Veículos autônomos já apresentam um índice menor de acidentes em comparação aos conduzidos por motoristas humanos

Estudos indicam que os veículos autônomos já apresentam um índice menor de acidentes em comparação aos conduzidos por motoristas humanos. Dados da University of Central Florida mostram que, ao analisar registros da Califórnia e informações da National Highway Traffic Safety Administration (NHTSA) entre 2016 e 2022, os pesquisadores constataram que os carros sem condutor estiveram envolvidos em menos colisões, especialmente em impactos traseiros e laterais. Essa estatística reforça o argumento de que a automação pode tornar o trânsito mais seguro, reduzindo a frequência de sinistros e, consequentemente, alterando o funcionamento do mercado de seguros. Afinal, se a direção autônoma reduz a taxa de acidentes, o que acontecerá com os tradicionais contratos de seguro baseados no perfil do condutor?  

Necessidade de reavaliar as diretrizes que regulam a responsabilidade em caso de acidentes e a maneira como as seguradoras calculam suas tarifas

A transição para um modelo de transporte baseado em inteligência artificial já está em andamento. Empresas como Tesla e Waymo vêm testando veículos sem motorista em cidades como São Francisco e Las Vegas, onde robôs-táxis operam comercialmente em rotas específicas. A Tesla divulgou recentemente imagens de seus veículos se deslocando sem intervenção humana dentro da própria fábrica, demonstrando que a tecnologia já consegue operar de forma independente em ambientes controlados. Além disso, a empresa de Elon Musk revelou planos para lançar o Cybercab, um modelo de táxi autônomo sem volante e pedais, projetado para operar sem qualquer supervisão humana. Se essa tendência se consolidar, será necessário reavaliar completamente as diretrizes que regulam a responsabilidade em caso de acidentes e a maneira como as seguradoras calculam suas tarifas. 

Os desafios técnicos ainda existem e não podem ser ignorados

Apesar do otimismo das grandes empresas do setor, os desafios técnicos ainda existem e não podem ser ignorados. A pesquisa já citada da University of Central Florida apontou três situações em que os veículos autônomos apresentam um desempenho inferior ao dos motoristas humanos.

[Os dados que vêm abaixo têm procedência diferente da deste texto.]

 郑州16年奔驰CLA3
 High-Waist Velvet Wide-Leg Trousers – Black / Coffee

Durante períodos de transição entre dia e noite, como amanhecer e anoitecer, o risco de colisão foi cinco vezes maior nos automóveis sem condutor. Além disso, ao realizar curvas, a taxa de acidentes entre veículos autônomos foi o dobro da registrada por motoristas humanos. Essas dificuldades estão diretamente relacionadas à capacidade dos sensores de interpretar mudanças bruscas de iluminação e calcular trajetórias em curvas, o que mostra que a tecnologia ainda enfrenta barreiras antes de atingir um nível de eficiência completo.  

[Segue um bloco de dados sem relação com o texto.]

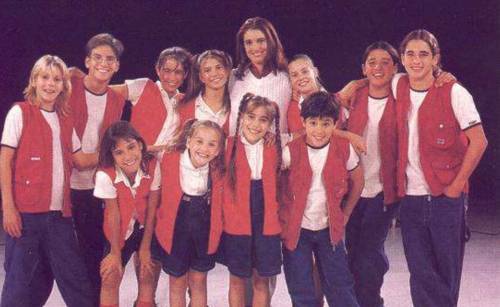 LaAgendaBA's tweet photo. 👧 Hace veinticinco años se estrenaba Chiquititas, la tira infantojuvenil de Cris Morena que cambiaría la televisión argentina.
🙌 Aventuras y desventuras de las chufas y los chufos.
✍️ Escribe: Pablo Méndez Shiff / @pableshiff
https://t.co/xGRCfsUmf4 https://t.co/xcug8iF4bg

Seguradoras precisarão criar modelos de apólice focados na tecnologia embarcada e no desempenho dos sistemas de IA

Diante desse cenário, as seguradoras precisarão considerar novos critérios para precificação dos seguros e adaptação das coberturas. Atualmente, os contratos de seguro são baseados no comportamento do motorista, levando em conta fatores como idade, histórico de infrações e quilometragem percorrida. No entanto, quando a direção autônoma se tornar predominante, a responsabilidade pelos acidentes poderá recair sobre os fabricantes e desenvolvedores de software, e não sobre os passageiros. Nesse contexto, as seguradoras precisarão criar modelos de apólice focados na tecnologia embarcada e no desempenho dos sistemas de inteligência artificial, deslocando o foco da análise de risco do condutor para a segurança do veículo e da sua programação.  

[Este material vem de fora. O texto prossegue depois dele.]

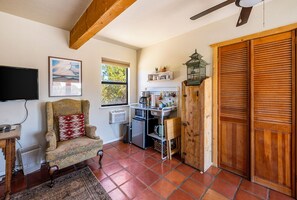 Interior - Stunning Desert Sunsets & Mountain Views - 19 Min, to Plaza (Santa Fe)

Ausência de um motorista humano no processo de condução exigirá mudanças profundas na legislação e na regulamentação das seguradoras

Outro impacto relevante pode estar na redução da demanda por seguros individuais. Se os carros particulares forem gradualmente substituídos por veículos autônomos compartilhados, como os táxis sem motorista, a necessidade de seguros tradicionais para motoristas pode diminuir, abrindo espaço para contratos voltados às empresas de tecnologia e operadoras de frotas de transporte. Em contrapartida, novos desafios surgirão, como a definição de responsabilidades em caso de falha do sistema. Se um veículo autônomo colidir com outro, quem será responsabilizado? O proprietário do carro, a empresa responsável pela tecnologia ou o fabricante do hardware? A ausência de um motorista humano como figura central no processo de condução exigirá mudanças profundas na legislação e na regulamentação das seguradoras.  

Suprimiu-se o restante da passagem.